February 27, 2012
February 27, 2012. New Orleans. Who owns the rights to our National Anthem? Apparently, Conan O’Brien and the international FIFA football association. With the recent SOPA anti-piracy legislation and corporate America’s hyper-obsession with owning things, this author was surprised when Whiteout Press’ favorite version of the Star Spangled Banner was forcefully removed from YouTube. That led to a brief investigation into who exactly owns the rights to our National Anthem and a quest to find another copy of that specific performance.
Colbie Caillat
It was 2010 and the NFL’s season opener in New Orleans. Singing the Star Spangled Banner was the lovely and talented Colbie Caillat. Usually, performers either transform the song into their own frightening creation or sing it as the sad, dreary song it has come to be. Colbie Caillat, with just her gentle voice and a quietly accompanying acoustic guitar, gives a rendition of our National Anthem like none before. They give the song a rhythm, something not usually associated with that anthem. It’s a folksy, California, bluegrass. If California has a sound, this is it. It’s unique and beautiful, just like Miss Caillat.
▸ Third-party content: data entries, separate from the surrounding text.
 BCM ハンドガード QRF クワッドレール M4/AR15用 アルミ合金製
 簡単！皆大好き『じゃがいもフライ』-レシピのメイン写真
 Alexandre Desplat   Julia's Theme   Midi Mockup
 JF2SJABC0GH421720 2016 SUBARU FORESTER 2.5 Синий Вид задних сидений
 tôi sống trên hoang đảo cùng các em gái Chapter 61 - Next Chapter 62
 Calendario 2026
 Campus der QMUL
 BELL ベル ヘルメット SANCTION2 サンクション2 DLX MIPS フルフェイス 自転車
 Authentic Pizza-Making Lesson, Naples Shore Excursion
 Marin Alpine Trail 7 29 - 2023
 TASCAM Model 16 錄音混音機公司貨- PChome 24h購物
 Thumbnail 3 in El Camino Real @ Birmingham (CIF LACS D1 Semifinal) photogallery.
Colbie has sung that song countless times at outdoor sporting events. But this rendition was different. It was inside, away from roar of the outdoors. When the crowd was quiet, you could hear a pin drop. When they cheered, it was deafening. Broadcast on NBC before the Saints-Vikings game, her performance was a combination of honorable tradition with the perfect mix of California’s own Colbie Caillat. One imagines she could be that peace-loving hippie girl that sticks a flower in the turret of a tank. She began the song with a humble, reverent, soft voice.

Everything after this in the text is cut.